[Work order] Search the data for the string "steel" and gather each line it is in.

[Provided entries]
----

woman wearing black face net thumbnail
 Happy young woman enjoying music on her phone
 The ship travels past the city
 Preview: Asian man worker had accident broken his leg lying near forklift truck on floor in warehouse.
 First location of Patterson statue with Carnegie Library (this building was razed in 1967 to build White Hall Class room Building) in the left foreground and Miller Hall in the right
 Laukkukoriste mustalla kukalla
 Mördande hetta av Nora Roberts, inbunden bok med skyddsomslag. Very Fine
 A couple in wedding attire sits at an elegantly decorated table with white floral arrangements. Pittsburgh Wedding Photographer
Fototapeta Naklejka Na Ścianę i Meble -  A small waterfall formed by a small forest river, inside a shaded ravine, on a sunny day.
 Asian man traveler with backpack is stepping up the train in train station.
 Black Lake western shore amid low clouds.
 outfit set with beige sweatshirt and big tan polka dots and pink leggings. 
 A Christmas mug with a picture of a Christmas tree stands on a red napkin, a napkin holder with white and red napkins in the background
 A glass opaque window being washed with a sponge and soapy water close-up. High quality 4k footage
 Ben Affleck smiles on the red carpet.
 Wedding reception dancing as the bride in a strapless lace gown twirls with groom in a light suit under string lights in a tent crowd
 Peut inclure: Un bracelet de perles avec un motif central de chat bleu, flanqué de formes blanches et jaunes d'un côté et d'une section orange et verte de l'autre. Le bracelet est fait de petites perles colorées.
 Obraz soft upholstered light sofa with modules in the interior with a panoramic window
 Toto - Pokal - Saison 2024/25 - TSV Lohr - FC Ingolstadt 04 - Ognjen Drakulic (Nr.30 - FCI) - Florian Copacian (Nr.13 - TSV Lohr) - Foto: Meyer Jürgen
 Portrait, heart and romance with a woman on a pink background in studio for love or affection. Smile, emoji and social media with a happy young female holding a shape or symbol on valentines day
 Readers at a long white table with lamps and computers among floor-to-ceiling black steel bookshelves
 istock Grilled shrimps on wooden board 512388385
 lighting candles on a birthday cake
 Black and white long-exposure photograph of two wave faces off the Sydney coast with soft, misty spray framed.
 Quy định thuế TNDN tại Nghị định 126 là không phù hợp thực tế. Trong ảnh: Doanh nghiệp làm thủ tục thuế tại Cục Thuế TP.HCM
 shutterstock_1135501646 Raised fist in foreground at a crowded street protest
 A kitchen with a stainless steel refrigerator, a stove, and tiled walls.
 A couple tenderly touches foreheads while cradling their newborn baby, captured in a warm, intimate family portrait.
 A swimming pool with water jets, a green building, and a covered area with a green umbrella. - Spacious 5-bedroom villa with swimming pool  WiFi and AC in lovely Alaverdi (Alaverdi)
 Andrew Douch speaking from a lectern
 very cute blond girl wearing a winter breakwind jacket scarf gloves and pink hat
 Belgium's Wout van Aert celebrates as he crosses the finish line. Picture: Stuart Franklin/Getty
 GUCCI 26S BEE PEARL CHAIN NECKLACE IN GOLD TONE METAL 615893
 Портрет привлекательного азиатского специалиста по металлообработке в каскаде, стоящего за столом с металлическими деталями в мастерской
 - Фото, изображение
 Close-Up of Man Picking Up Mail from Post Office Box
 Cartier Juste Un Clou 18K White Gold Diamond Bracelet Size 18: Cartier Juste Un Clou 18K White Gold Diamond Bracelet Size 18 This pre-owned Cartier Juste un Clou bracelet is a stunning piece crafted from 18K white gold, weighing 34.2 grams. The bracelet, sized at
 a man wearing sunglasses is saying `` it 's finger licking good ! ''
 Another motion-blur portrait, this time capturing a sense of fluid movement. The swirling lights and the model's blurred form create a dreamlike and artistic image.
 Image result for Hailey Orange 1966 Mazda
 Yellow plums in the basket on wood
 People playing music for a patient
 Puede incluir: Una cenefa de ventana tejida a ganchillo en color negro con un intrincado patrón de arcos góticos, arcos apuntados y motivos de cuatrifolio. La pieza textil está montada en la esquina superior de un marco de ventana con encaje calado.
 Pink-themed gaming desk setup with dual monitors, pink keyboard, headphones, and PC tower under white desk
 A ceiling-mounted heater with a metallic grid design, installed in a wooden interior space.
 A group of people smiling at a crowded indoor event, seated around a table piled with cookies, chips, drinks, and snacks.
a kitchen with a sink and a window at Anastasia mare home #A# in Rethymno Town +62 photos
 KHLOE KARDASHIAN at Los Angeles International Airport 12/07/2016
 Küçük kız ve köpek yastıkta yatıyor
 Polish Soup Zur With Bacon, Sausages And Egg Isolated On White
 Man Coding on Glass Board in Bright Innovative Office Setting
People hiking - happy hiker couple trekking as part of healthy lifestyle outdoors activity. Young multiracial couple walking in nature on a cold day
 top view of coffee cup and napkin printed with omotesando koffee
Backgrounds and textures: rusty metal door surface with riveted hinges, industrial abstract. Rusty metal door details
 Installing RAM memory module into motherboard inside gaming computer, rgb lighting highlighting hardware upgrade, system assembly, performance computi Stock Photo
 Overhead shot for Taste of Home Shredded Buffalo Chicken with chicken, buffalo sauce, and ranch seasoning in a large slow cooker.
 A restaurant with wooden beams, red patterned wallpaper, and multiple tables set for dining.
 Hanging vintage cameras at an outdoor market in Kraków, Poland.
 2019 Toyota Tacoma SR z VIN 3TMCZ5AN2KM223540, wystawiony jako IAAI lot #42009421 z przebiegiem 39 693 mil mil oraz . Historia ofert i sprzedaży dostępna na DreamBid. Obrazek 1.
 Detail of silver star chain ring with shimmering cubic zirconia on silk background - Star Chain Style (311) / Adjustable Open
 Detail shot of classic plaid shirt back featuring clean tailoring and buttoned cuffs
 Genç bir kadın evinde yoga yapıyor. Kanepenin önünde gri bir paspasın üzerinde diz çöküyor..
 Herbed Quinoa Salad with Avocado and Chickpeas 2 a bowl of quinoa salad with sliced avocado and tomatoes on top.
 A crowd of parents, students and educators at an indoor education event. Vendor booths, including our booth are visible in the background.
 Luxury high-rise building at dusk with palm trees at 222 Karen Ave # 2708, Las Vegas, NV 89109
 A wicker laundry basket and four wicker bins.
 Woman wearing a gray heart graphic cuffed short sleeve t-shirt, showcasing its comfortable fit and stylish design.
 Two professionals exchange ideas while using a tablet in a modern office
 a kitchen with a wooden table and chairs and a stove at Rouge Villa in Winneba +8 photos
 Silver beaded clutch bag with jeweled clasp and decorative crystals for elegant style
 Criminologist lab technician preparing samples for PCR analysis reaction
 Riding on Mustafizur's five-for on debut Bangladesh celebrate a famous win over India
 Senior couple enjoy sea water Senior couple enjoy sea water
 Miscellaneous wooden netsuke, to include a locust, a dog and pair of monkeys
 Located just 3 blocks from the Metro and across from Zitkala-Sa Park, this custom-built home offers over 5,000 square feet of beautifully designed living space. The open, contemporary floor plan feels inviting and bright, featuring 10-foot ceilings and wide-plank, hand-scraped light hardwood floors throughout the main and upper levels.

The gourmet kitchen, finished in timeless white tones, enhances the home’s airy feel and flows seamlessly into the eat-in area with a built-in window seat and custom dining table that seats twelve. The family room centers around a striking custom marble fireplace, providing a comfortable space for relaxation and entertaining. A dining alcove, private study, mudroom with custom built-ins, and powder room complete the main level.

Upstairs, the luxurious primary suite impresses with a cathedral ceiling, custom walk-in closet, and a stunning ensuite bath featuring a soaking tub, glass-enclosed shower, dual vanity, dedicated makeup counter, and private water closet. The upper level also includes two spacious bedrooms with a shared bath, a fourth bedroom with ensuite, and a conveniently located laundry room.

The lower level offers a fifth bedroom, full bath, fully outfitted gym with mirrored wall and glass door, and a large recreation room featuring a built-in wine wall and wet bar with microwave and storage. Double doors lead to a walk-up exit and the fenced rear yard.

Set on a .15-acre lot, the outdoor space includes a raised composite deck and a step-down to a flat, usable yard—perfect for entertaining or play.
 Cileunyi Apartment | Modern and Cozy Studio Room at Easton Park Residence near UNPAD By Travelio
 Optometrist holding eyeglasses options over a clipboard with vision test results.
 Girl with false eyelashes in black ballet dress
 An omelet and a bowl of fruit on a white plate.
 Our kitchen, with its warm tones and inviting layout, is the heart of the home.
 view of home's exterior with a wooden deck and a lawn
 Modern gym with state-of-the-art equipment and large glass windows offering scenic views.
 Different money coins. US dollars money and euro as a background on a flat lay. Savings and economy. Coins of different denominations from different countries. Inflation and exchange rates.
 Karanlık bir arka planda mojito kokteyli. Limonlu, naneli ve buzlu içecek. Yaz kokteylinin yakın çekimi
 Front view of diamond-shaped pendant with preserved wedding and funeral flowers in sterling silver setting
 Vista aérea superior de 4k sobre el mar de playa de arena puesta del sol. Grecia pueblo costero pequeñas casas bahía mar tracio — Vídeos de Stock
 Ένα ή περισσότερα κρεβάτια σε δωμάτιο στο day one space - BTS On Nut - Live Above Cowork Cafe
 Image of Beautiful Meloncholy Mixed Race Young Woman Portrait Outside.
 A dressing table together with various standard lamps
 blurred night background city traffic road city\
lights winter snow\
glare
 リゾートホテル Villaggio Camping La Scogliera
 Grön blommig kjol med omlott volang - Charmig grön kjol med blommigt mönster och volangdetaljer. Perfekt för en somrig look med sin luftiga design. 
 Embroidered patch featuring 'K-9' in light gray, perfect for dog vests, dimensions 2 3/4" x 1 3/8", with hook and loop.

----

[The answer]
 Readers at a long white table with lamps and computers among floor-to-ceiling black steel bookshelves
 A kitchen with a stainless steel refrigerator, a stove, and tiled walls.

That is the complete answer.